» Required work:
Find the line containing "Bartender pouring yellow", then print it and each line after it through the end of the listing exactly, with no pictures.

(Source material begins)

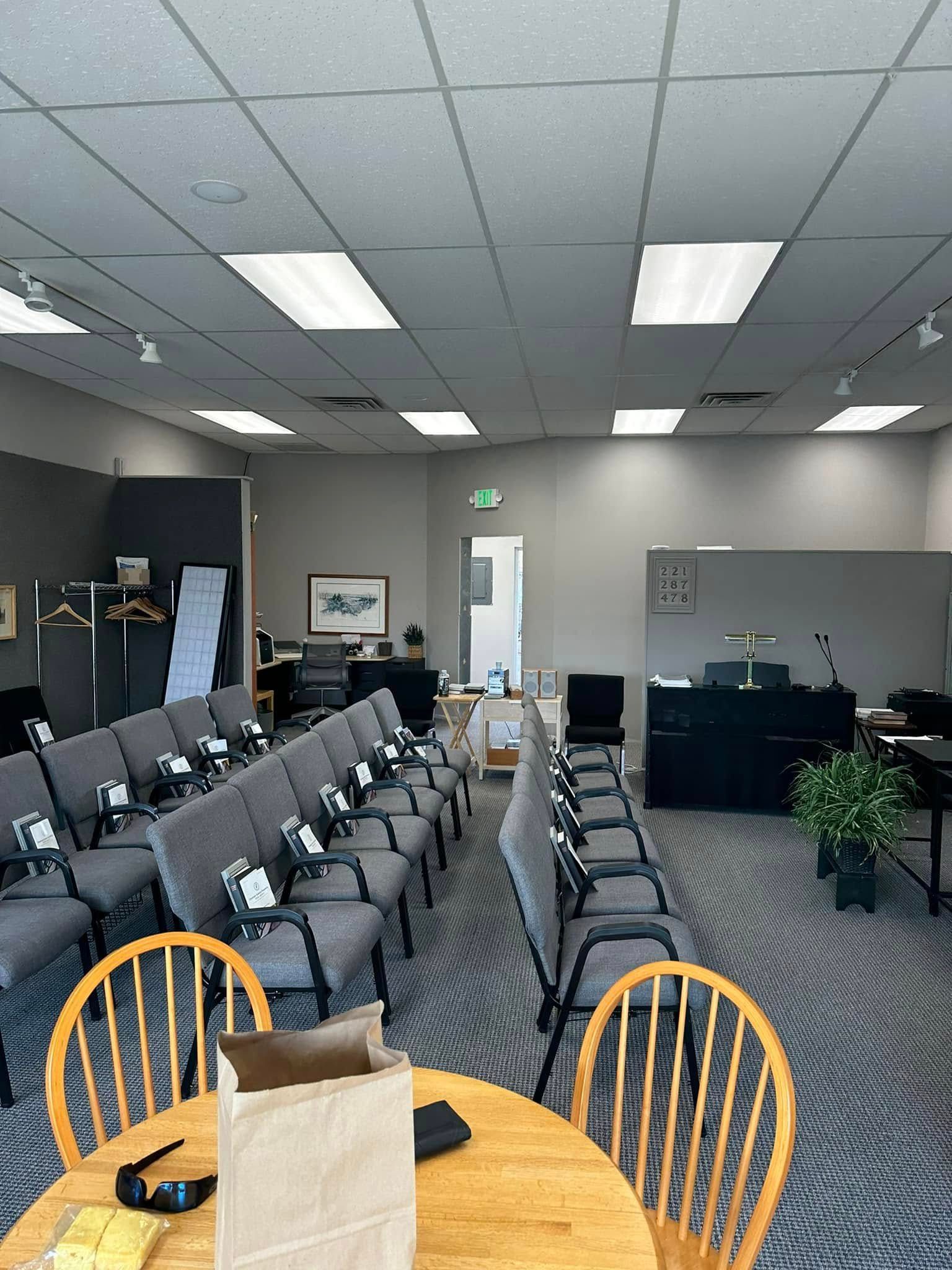 Empty conference room with rows of chairs, a round table, and overhead fluorescent lights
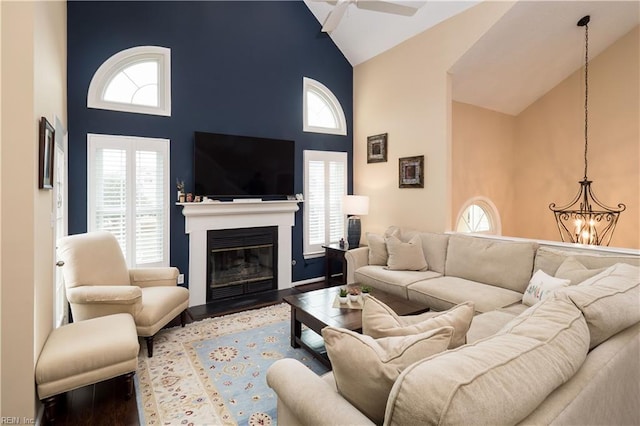 living room featuring high vaulted ceiling, a chandelier, wood finished floors, ceiling fan, and a fireplace with flush hearth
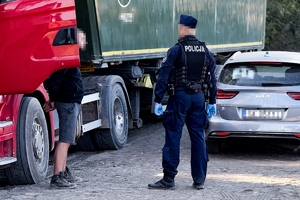 Na zdjęciu mężczyzna z założonymi kajdankami stoi obok tira, obok stoi policjant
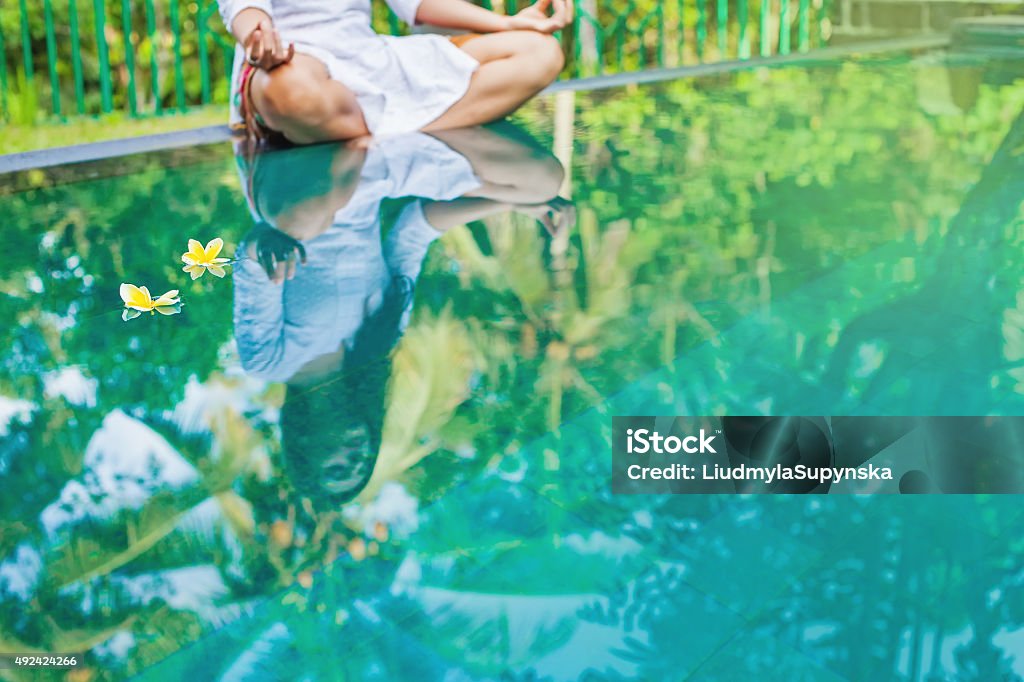 Woman meditating at pool side. Woman sitting in "lotus" pose on an edge of tropical swimming pool. Reflection in the water (faceless) 2015 Stock Photo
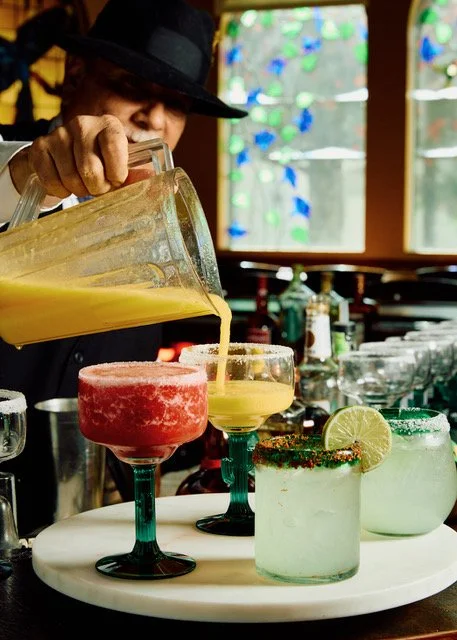 Bartender pouring yellow drink into colorful margarita glasses at a bar.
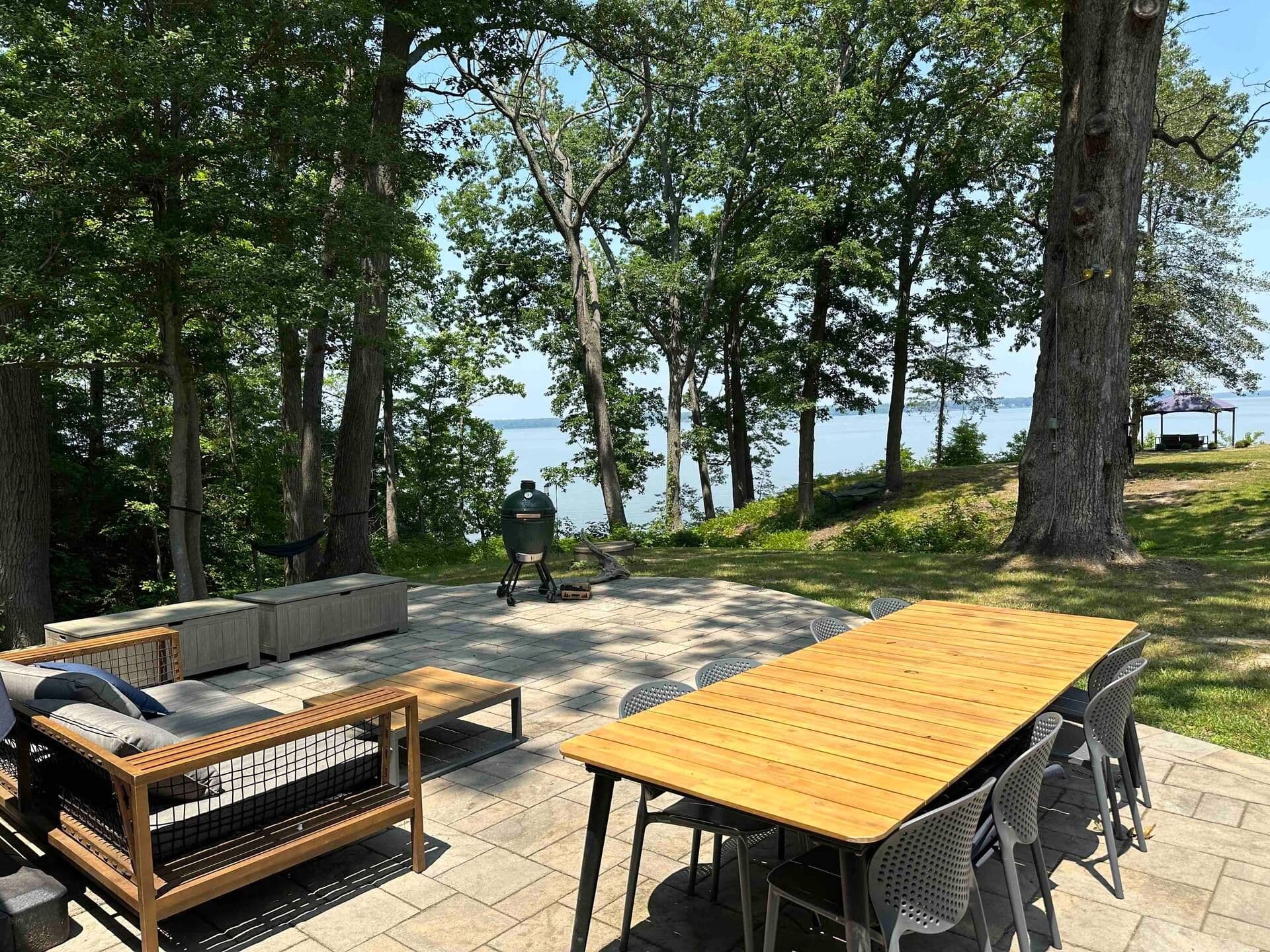Stone patio with outdoor dining, lounge seating, and the Big Green Egg overlooking the Potomac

(Source material ends)

» Exercise output:
 Bartender pouring yellow drink into colorful margarita glasses at a bar.
Stone patio with outdoor dining, lounge seating, and the Big Green Egg overlooking the Potomac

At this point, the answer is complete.